- [What is being asked] Transcribed word for word, the lines below from the one with "9135 Mare Hunt — Photo 10" through the last line of the records form the answer; no picture is to be included.

- [Available records]
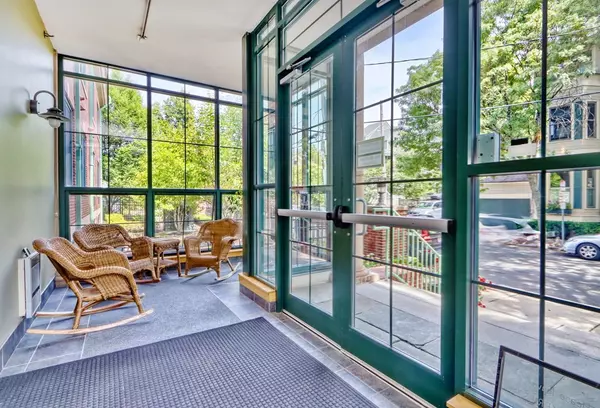 Cambridge, MA 02140,1 Russell St #104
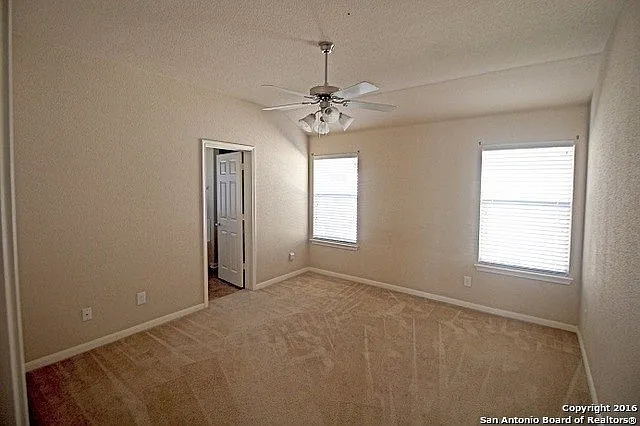 9135 Mare Hunt — Photo 10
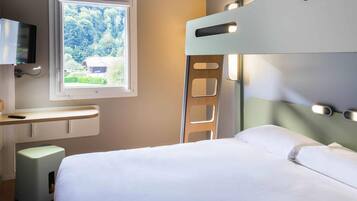 トリプルルーム ベッド (複数台) | デスク、防音設備、WiFi (無料)、ベッドシーツ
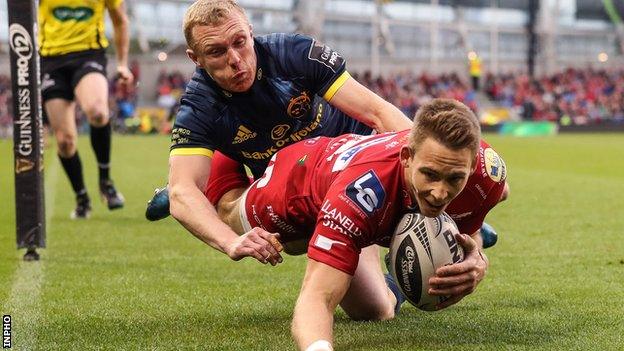 Liam Williams scores the opening try on his final appearance for the Scarlets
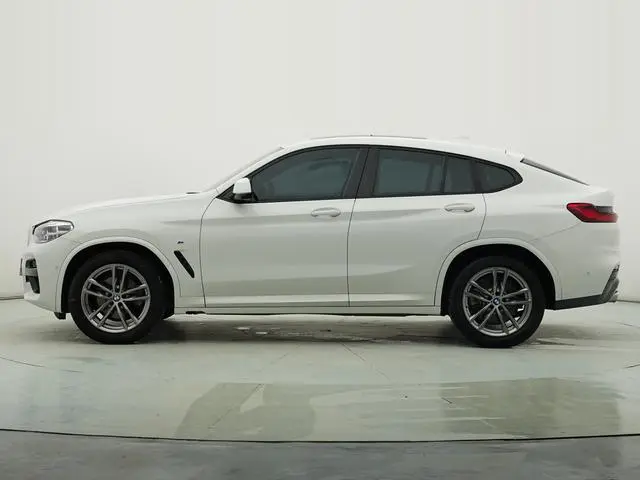 BMW BMW X4 xDrive25i M sports suit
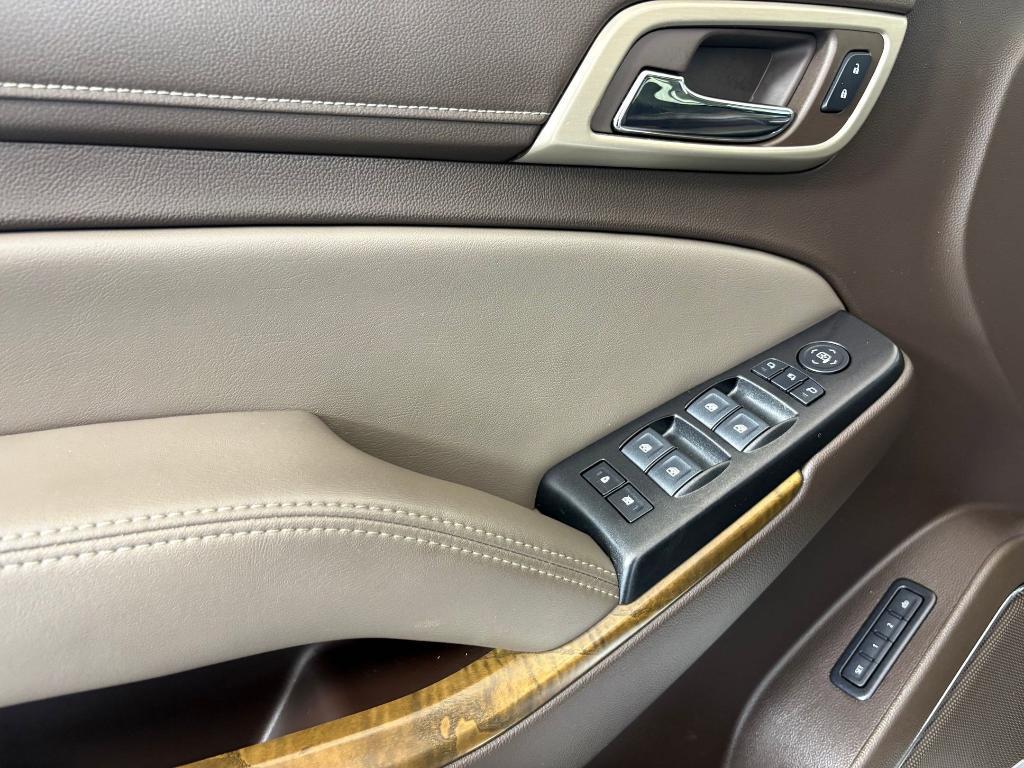 used 2019 GMC Yukon car, priced at $32,999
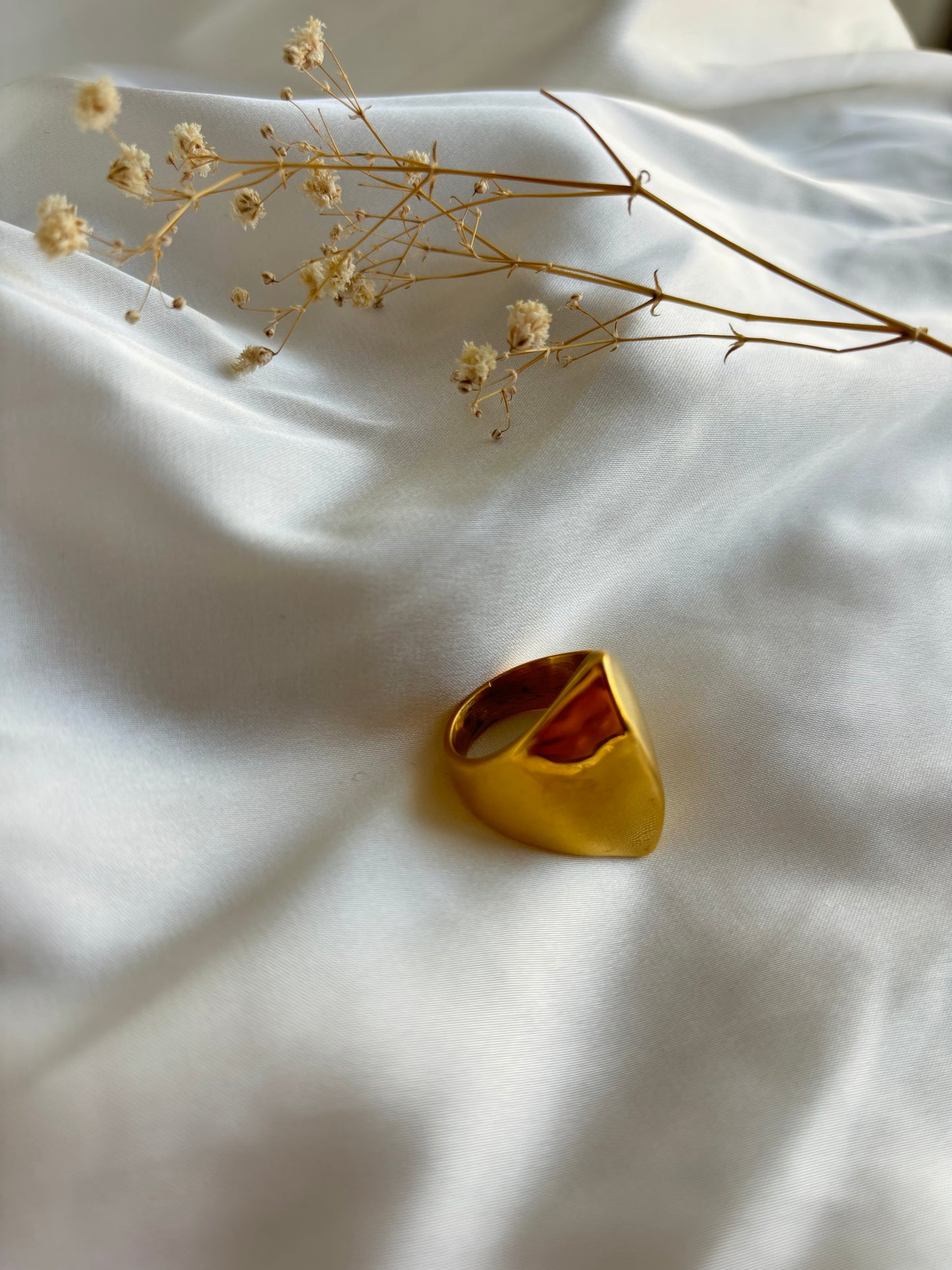 Bubble Arched Ring š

- [Task answer]
 9135 Mare Hunt — Photo 10
 トリプルルーム ベッド (複数台) | デスク、防音設備、WiFi (無料)、ベッドシーツ
 Liam Williams scores the opening try on his final appearance for the Scarlets
 BMW BMW X4 xDrive25i M sports suit
 used 2019 GMC Yukon car, priced at $32,999
 Bubble Arched Ring š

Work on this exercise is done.